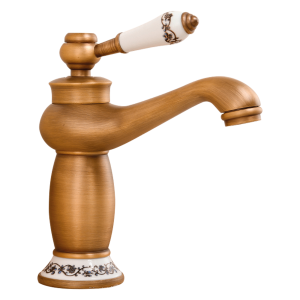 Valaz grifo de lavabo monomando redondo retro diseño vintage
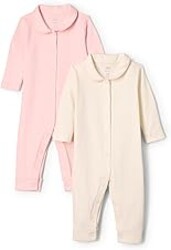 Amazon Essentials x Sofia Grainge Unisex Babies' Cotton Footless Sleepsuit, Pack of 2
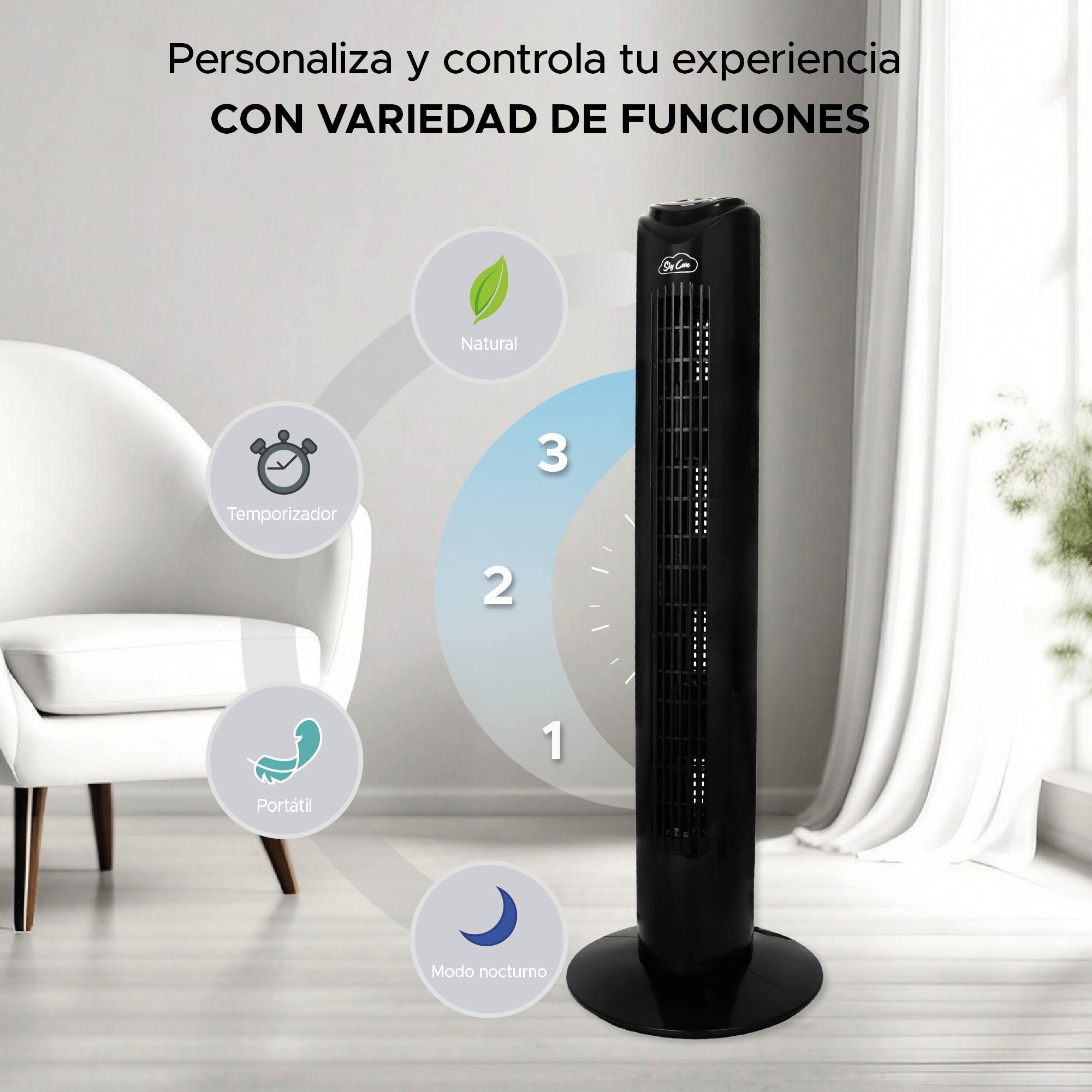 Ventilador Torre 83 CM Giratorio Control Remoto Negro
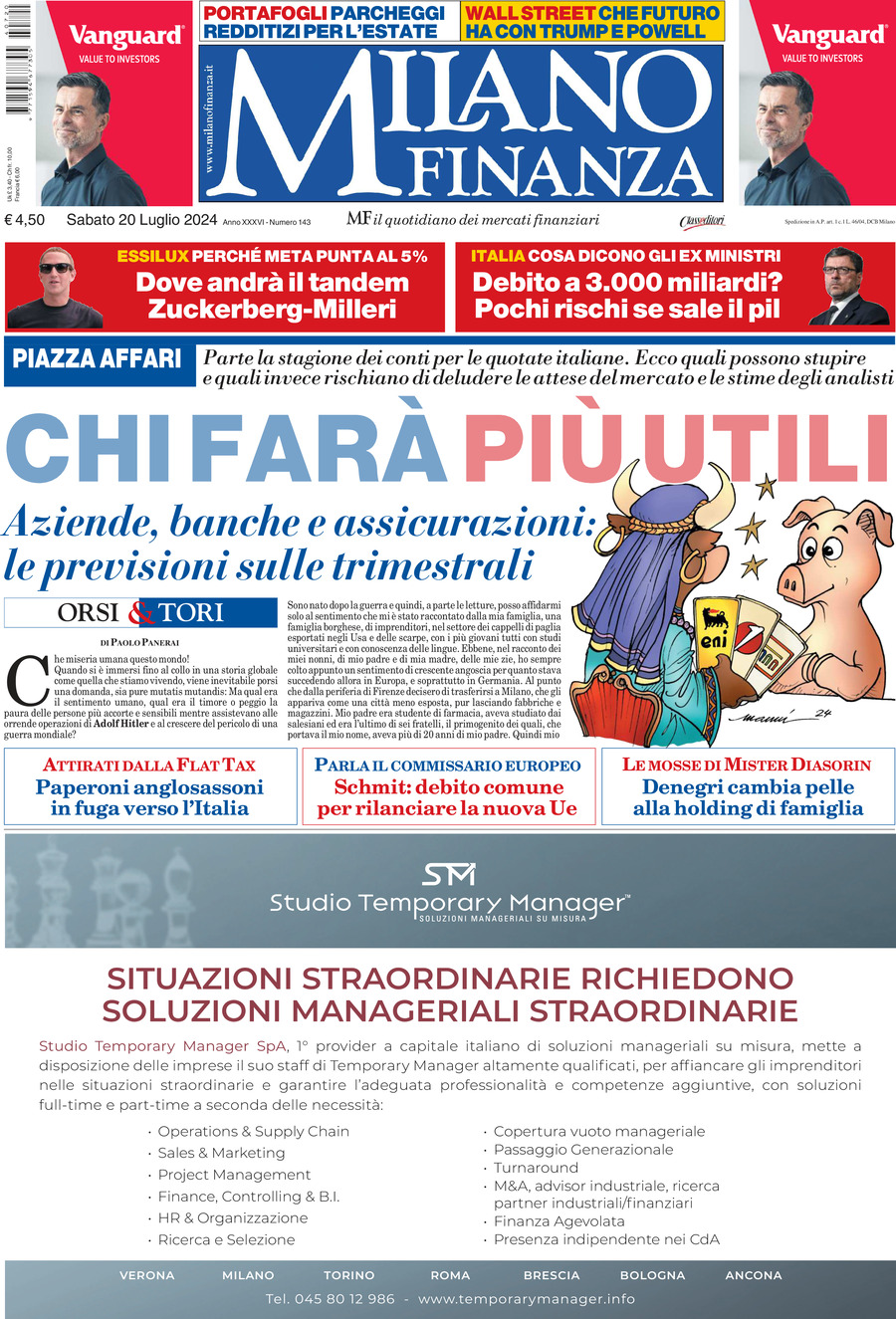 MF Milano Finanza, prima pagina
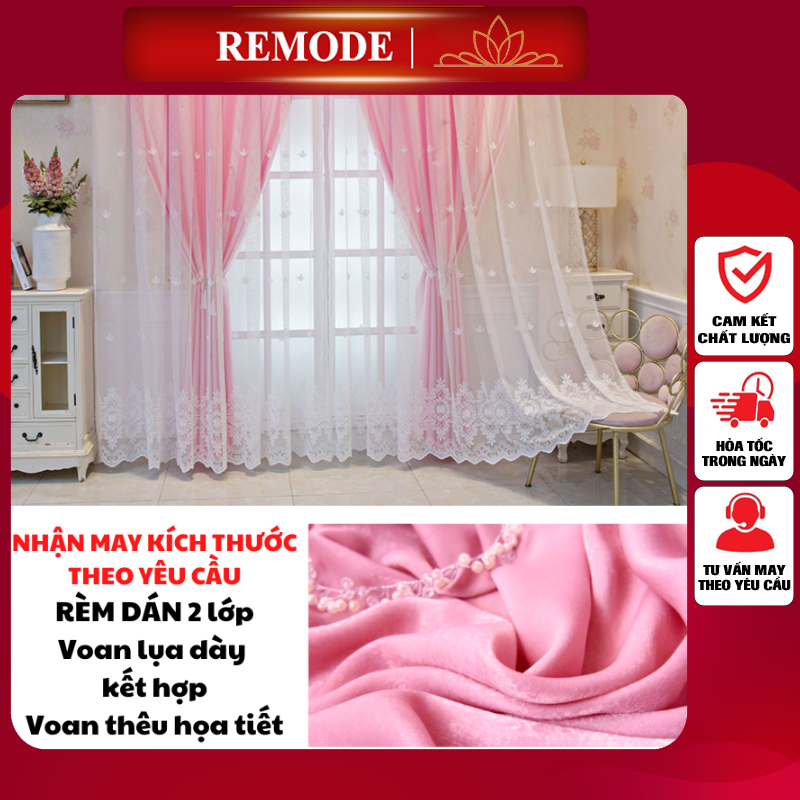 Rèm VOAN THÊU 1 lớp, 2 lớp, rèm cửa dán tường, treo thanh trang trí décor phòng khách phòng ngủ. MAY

▶ _PROBLEM DESCRIPTION_: Line by line, output the material above exactly, passing over the pictures.

▶ _EXERCISE SOLUTION_:
 Valaz grifo de lavabo monomando redondo retro diseño vintage
 Amazon Essentials x Sofia Grainge Unisex Babies' Cotton Footless Sleepsuit, Pack of 2
 Ventilador Torre 83 CM Giratorio Control Remoto Negro
 MF Milano Finanza, prima pagina
 Rèm VOAN THÊU 1 lớp, 2 lớp, rèm cửa dán tường, treo thanh trang trí décor phòng khách phòng ngủ. MAY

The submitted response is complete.